7 Mayıs’ta Hür Üniversitesi’nde, yaklaşık 150 öğrenci Filistin’e destek vermek amacıyla çadırlar kurarak dayanışma kampı oluşturdu. Ancak polis, bu barışçıl eyleme müdahale ederek, birçok öğrenciyi gözaltına aldı. Üniversite yönetiminden, gözaltına alınan öğrenciler hakkındaki suç duyurularının geri çekilmesi ve Filistin ile dayanışma gösterilerine izin verilmesi istendi…
Öğrenciler, Bild gazetesine ve Eğitim ve Araştırma Bakanı Bettina Stark-Watzinger’e tepki gösterdi. Bild gazetesi, Filistin’e destek veren öğretim üyelerini hedef gösteren açık mektuplar yayımladı. Bu durum, öğrenci ve akademisyenler arasında büyük tepki topladı. Eğitim Bakanı da açık mektubu eleştirerek tartışmaları daha da alevlendirdi.
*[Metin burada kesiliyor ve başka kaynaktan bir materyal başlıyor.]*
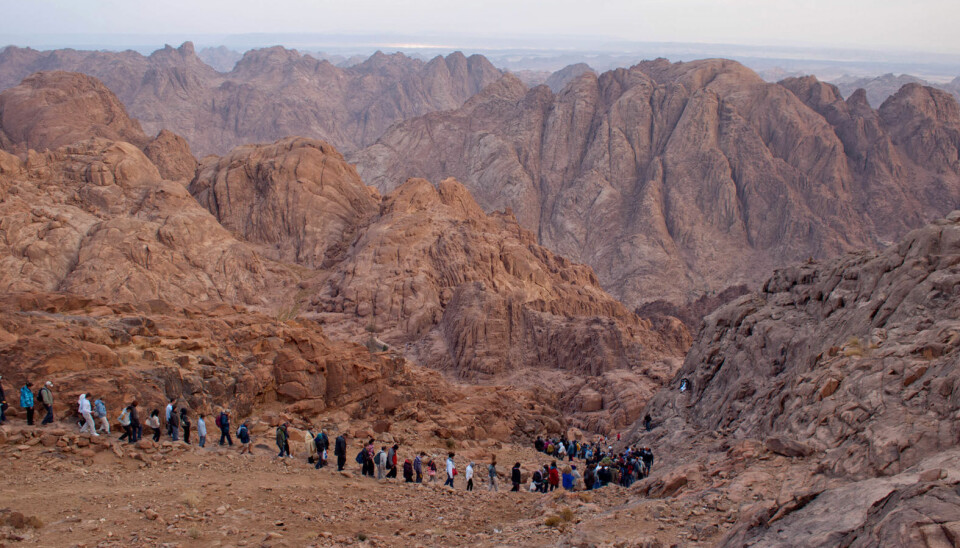 A group of tourists on the way down Egypt’s Mount Sinai after the night ascent to admire the sunrise in November 2010. A group of tourists on the way down Egypt’s Mount Sinai, with a view of the mountain ranges in front of them.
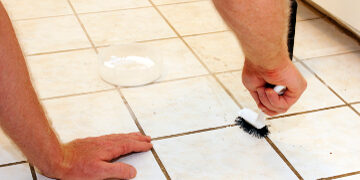 Two caucasian male hands cleaning kitchen grout of an old, dirty tile floor with environmentally friendly hydrogen peroxide, baking soda and a scrub brush.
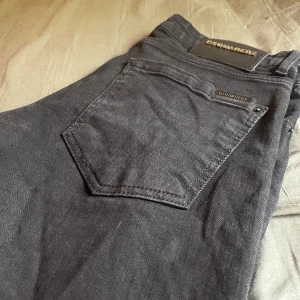 Svarta jeans från Dsquared2 - Säljer ett par svarta jeans från Dsquared2 med klassisk femficksdesign och snygga detaljer. Byxorna har metallogo på bakfickan och knappstängning framtill. Perfekta för dig som gillar stilrena och exklusiva jeans.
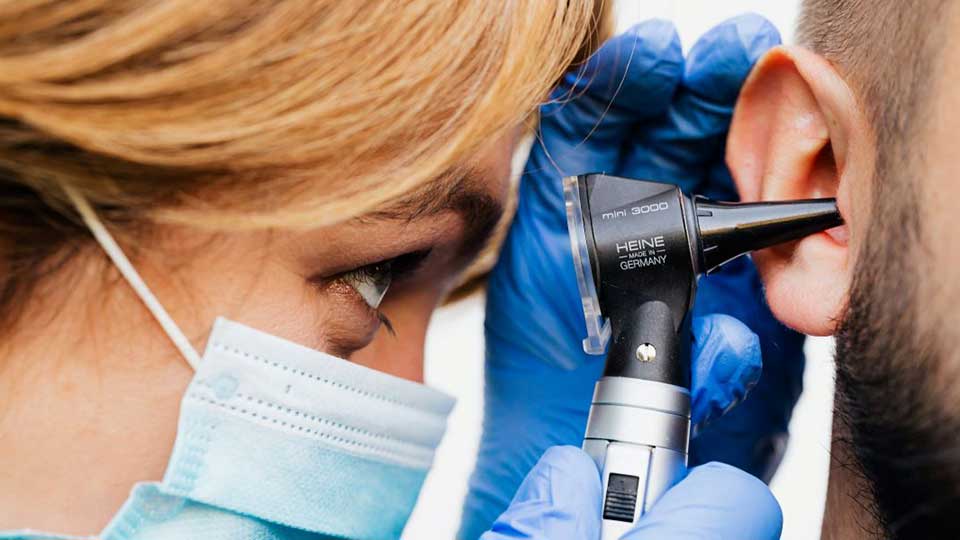 Un otoscopio Heine mini 3000 está siendo utilizado por un audioprotesista con guantes azules para examinar el oído de un paciente masculino en un entorno clínico especializado en salud auditiva.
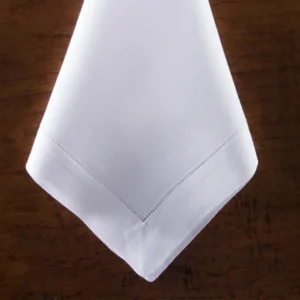 The Heirloom Estate Dinner Napkin by Henry Handwork, crafted from white Italian linen with a delicate hemstitch border, is folded and displayed on a dark wooden surface.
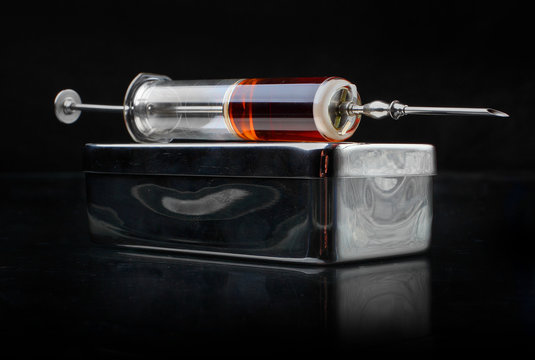 Glasss syringe with stainless steel box on a black background.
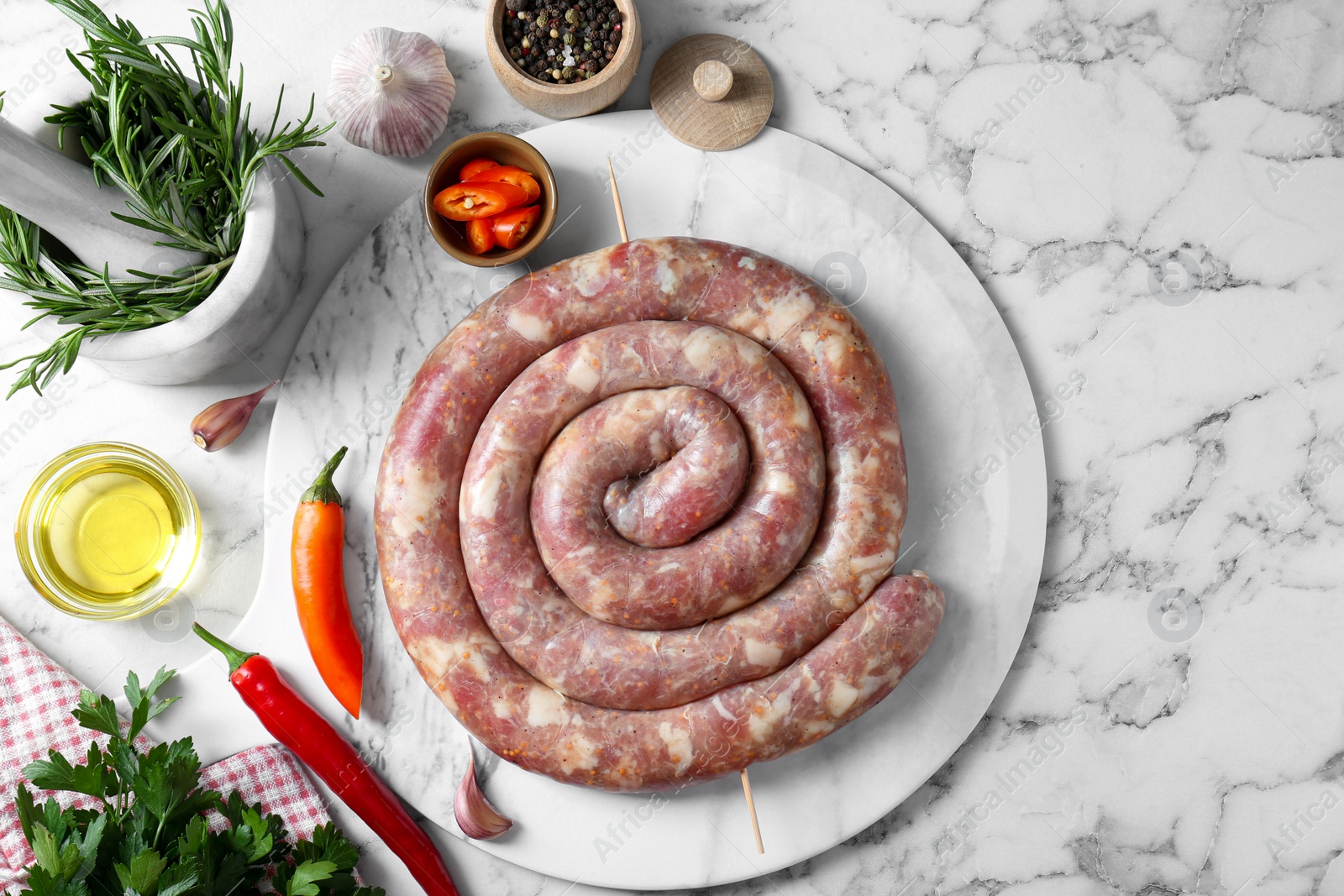 Photo of Raw homemade sausage, spices and other products on white marble table, flat lay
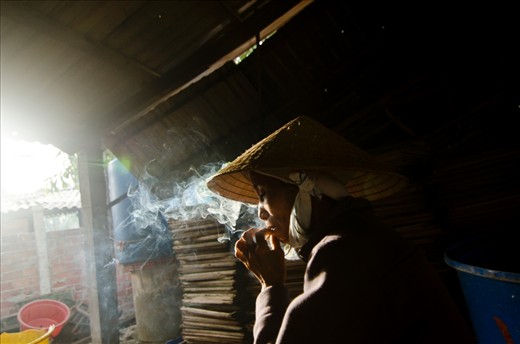 It is hard work, and every small break they have is priceless. Here a female worker smokes her cigarette while she rests from the hard work.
Berlin Hür Üniversitesi Öğretim Üyesi Prof. Dr. Hajo Funke, bu durumu şiddetle eleştirdi. Funke, Bild’in ve Bakan Stark-Watzinger’in tutumlarının, akademik özgürlüğü tehdit ettiğini belirtti. Prof. Dr. Funke, “Bu durum, ABD’deki McCarthy dönemini anımsatıyor. İnsanlara iftira atmamalı ve akademik özgürlüğü tehlikeye atmamalıyız” dedi.
Berlin’de polis, Filistin destekçilerine yönelik sert müdahaleleriyle dikkat çekti. 3 Mayıs’ta, Humboldt Üniversitesi bahçesinde oturma eylemi yapan Filistin destekçileri polis tarafından dağıtıldı. Çok sayıda öğrenci gözaltına alındı. Aynı şekilde, 7 Mayıs’ta Hür Üniversitesi’nde yapılan barışçıl eyleme de polis müdahale etti. Polis şiddeti, öğrenciler ve akademisyenler tarafından kınandı.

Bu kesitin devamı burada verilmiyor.